_INFORMATION SUPPLIED_:
Segment Open

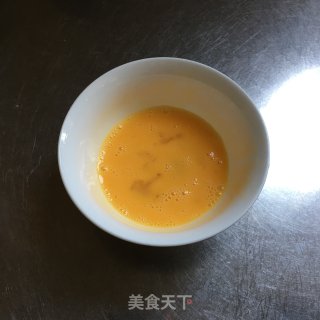 甜酒汤圆蛋花汤的做法步骤：2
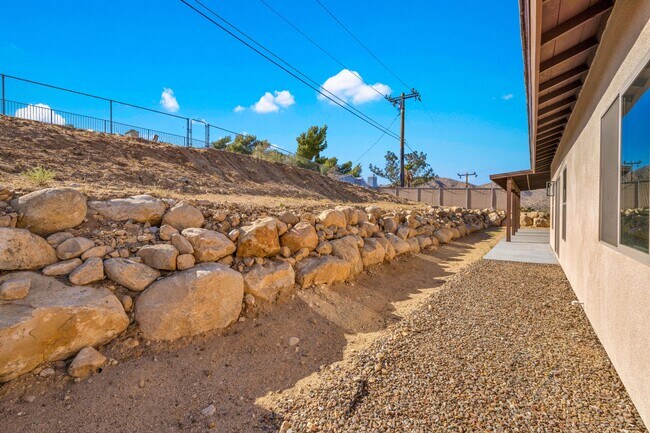 Building Photo - 7760 Arrowhead Dr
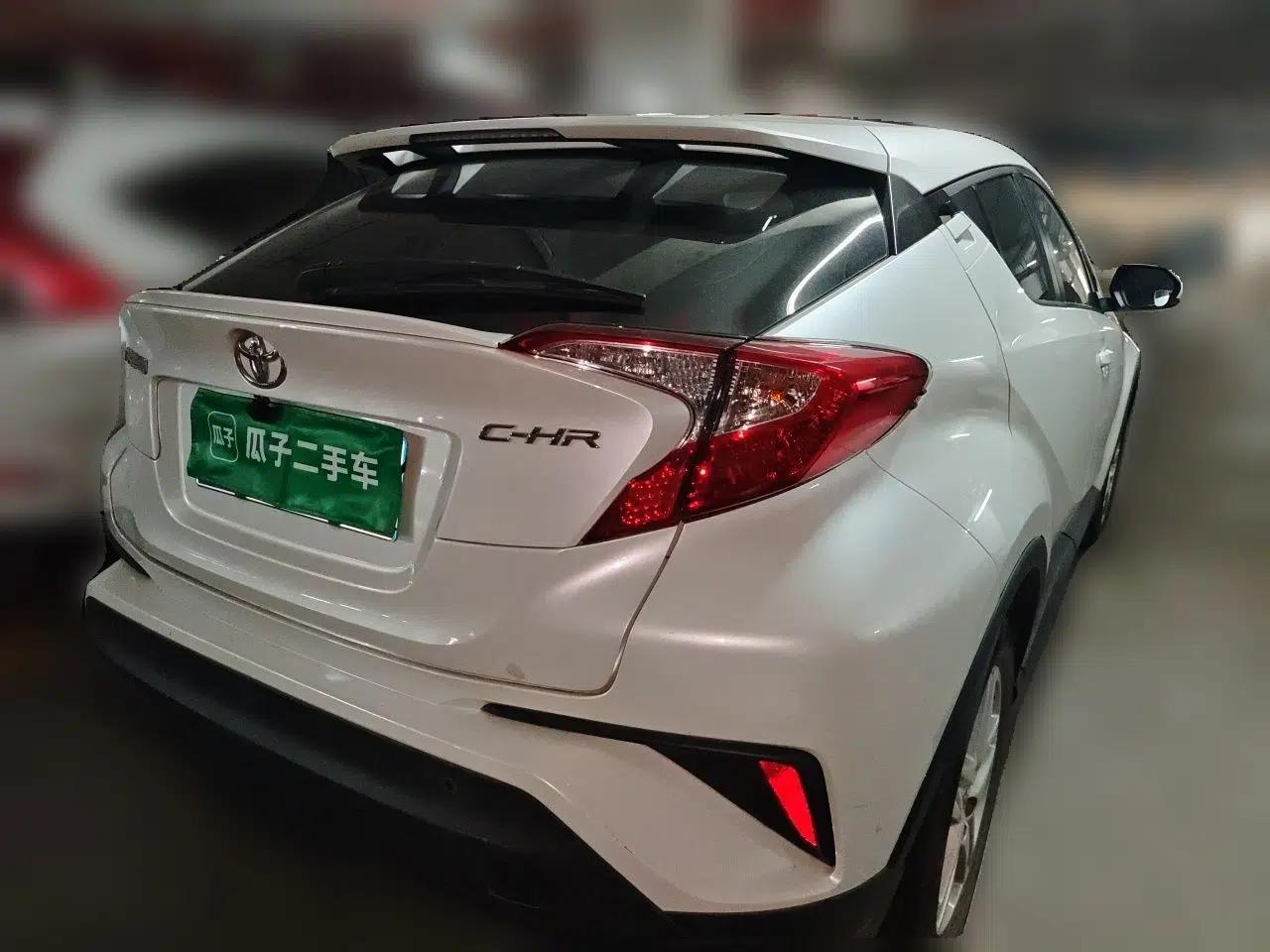 Toyota C-HR 2021 2.0L Comfort Edition — миниатюра 6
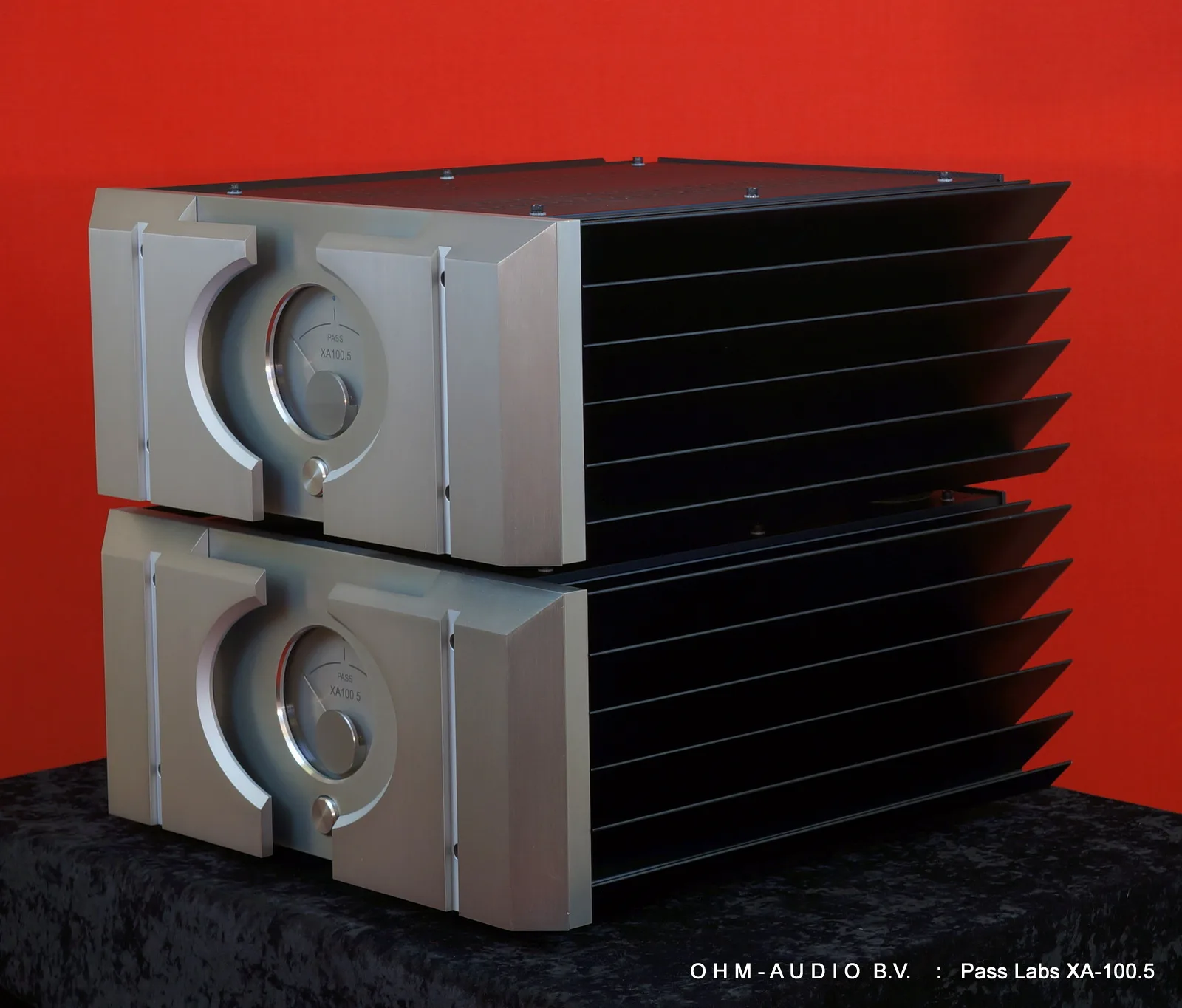 Pass Labs XA 100.5 2 x 100 Watt Pure Klasse A Monoblokken : Sold to the Netherlands
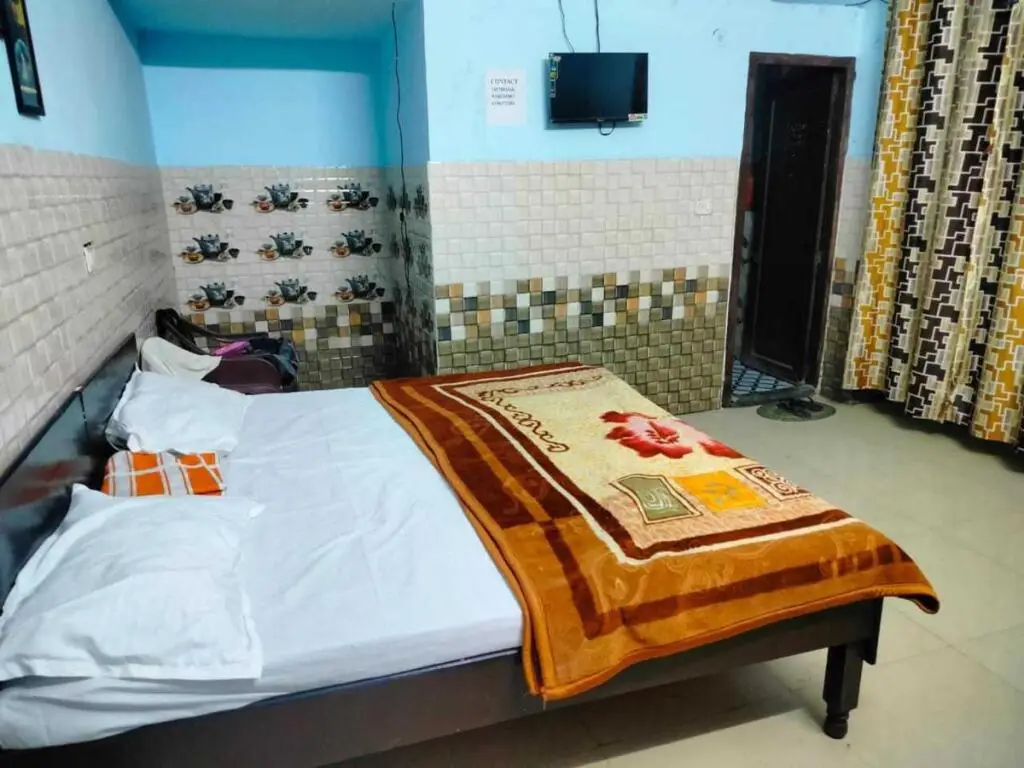 Большая Нойда: SPOT ON 701248 Deepanshi Guest House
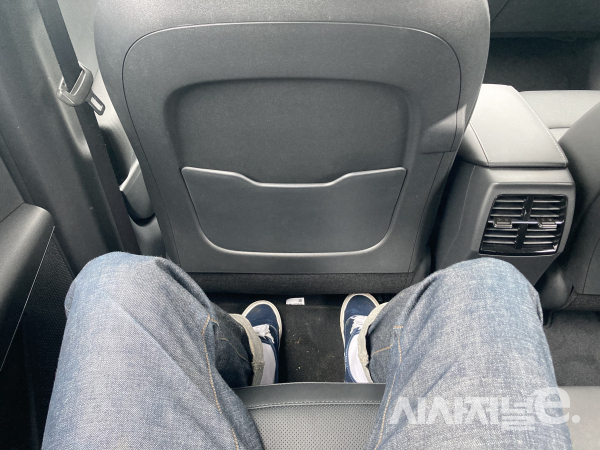 2열의 레그룸 / 사진=유주엽 기자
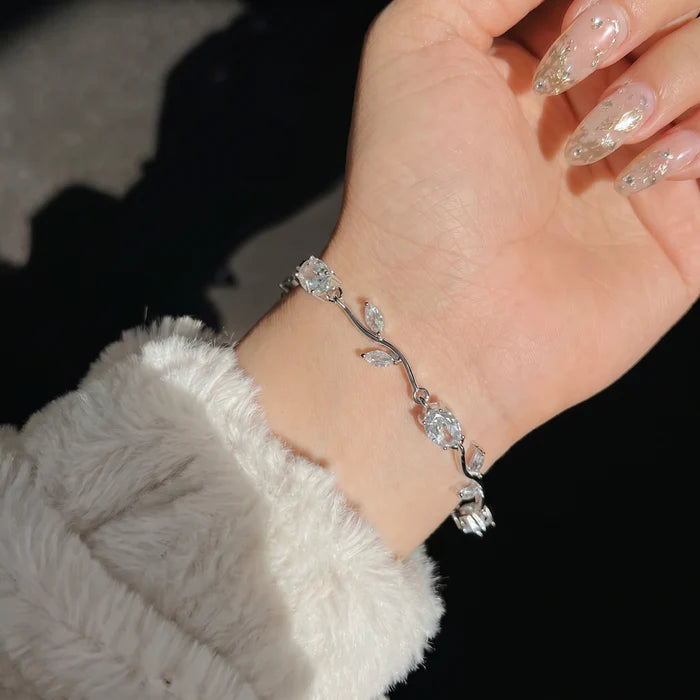 Fancy Stainless Tulip Bracelet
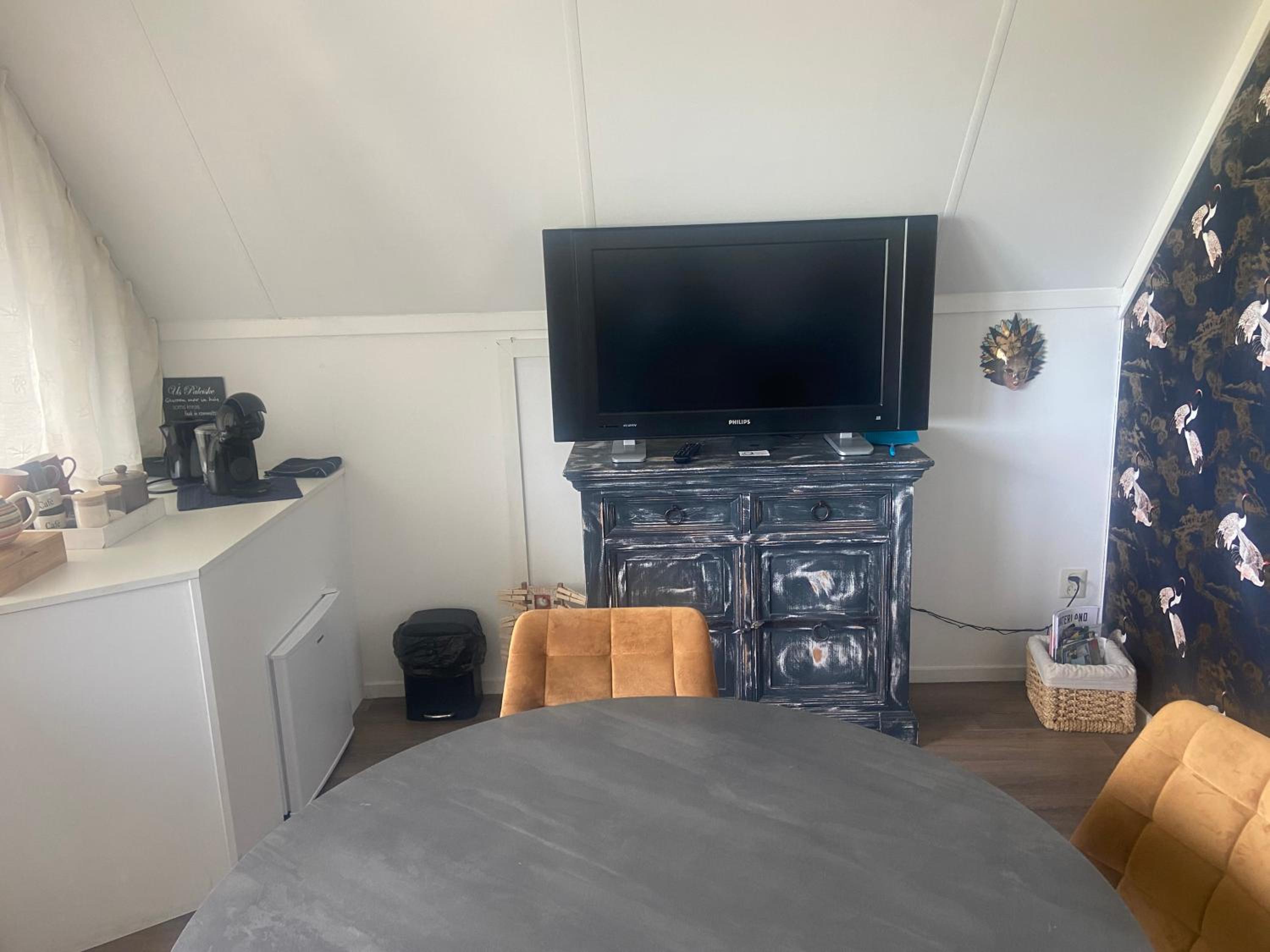 Two-Bedroom Suite - Photo 12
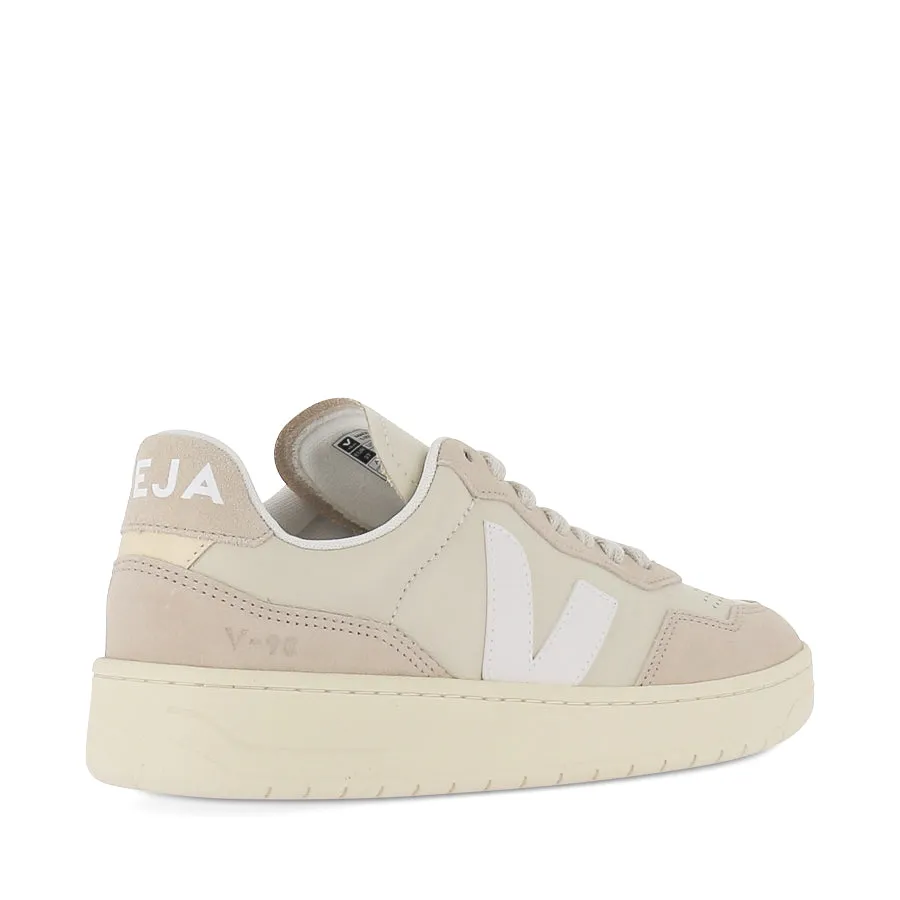 V-90 - PIERRE WHITE Casual Utility Gym ready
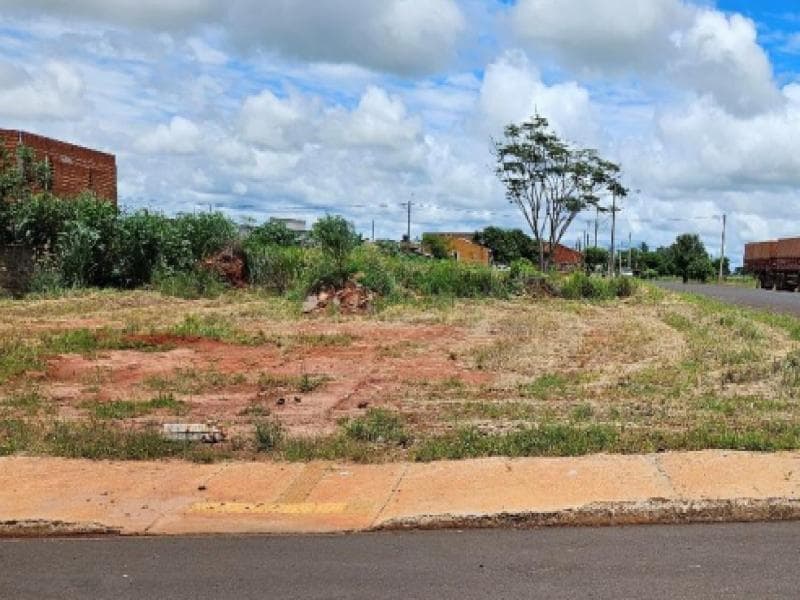 Foto 3 de 3: Terreno em leilão em Piacatu - SP, bairro Centro — Lote, 150.0 m2, Piacatu / SP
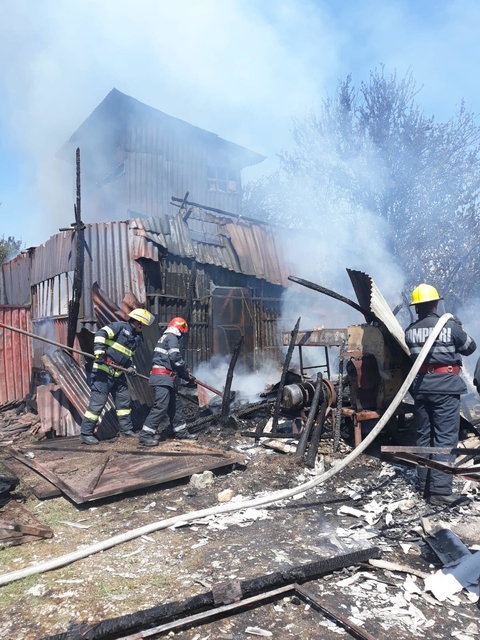 Un incendiu puternic a mistuit moara din Ionești. Pompierii s-au luptat două ore cu focul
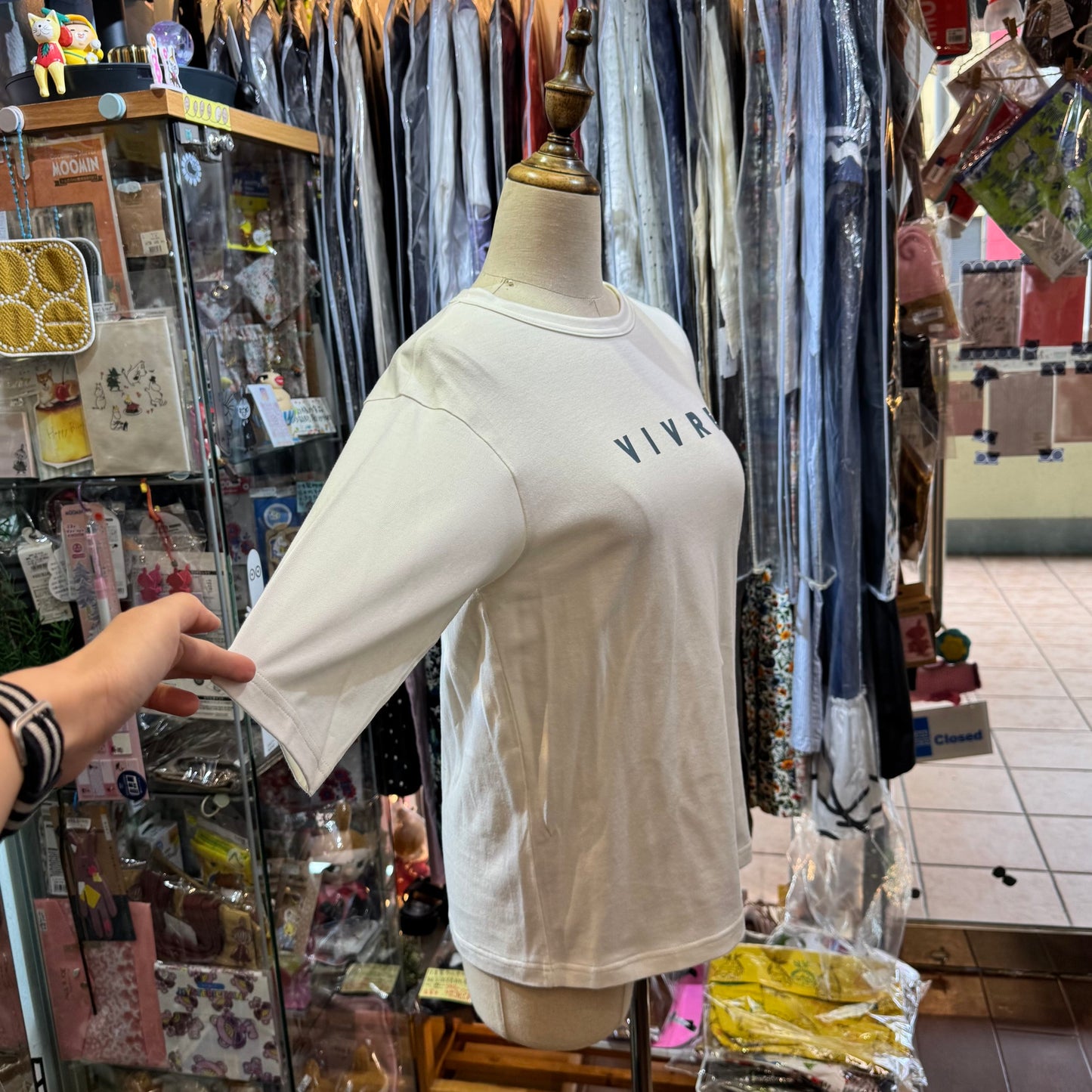 Sale- Diaries VIVRE (To live) T-shirt, 2 Colors, made in Japan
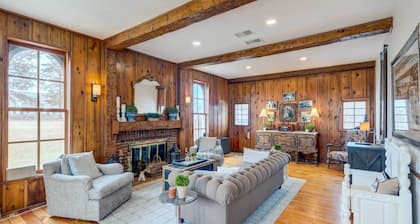 Historic Brookfield Farm Home ~ 14 Mi to Milwaukee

Segment Closed

_PROBLEM TO WORK ON_:
Begin with the line holding "2열의 레그룸 / 사진=유주엽 기자" and end with the last line of the listing. Reproduce each of those lines exactly, and leave every picture out.

_FINISHED TASK_:
 2열의 레그룸 / 사진=유주엽 기자
 Fancy Stainless Tulip Bracelet
 Two-Bedroom Suite - Photo 12
 V-90 - PIERRE WHITE Casual Utility Gym ready
 Foto 3 de 3: Terreno em leilão em Piacatu - SP, bairro Centro — Lote, 150.0 m2, Piacatu / SP
 Un incendiu puternic a mistuit moara din Ionești. Pompierii s-au luptat două ore cu focul
 Sale- Diaries VIVRE (To live) T-shirt, 2 Colors, made in Japan
 Historic Brookfield Farm Home ~ 14 Mi to Milwaukee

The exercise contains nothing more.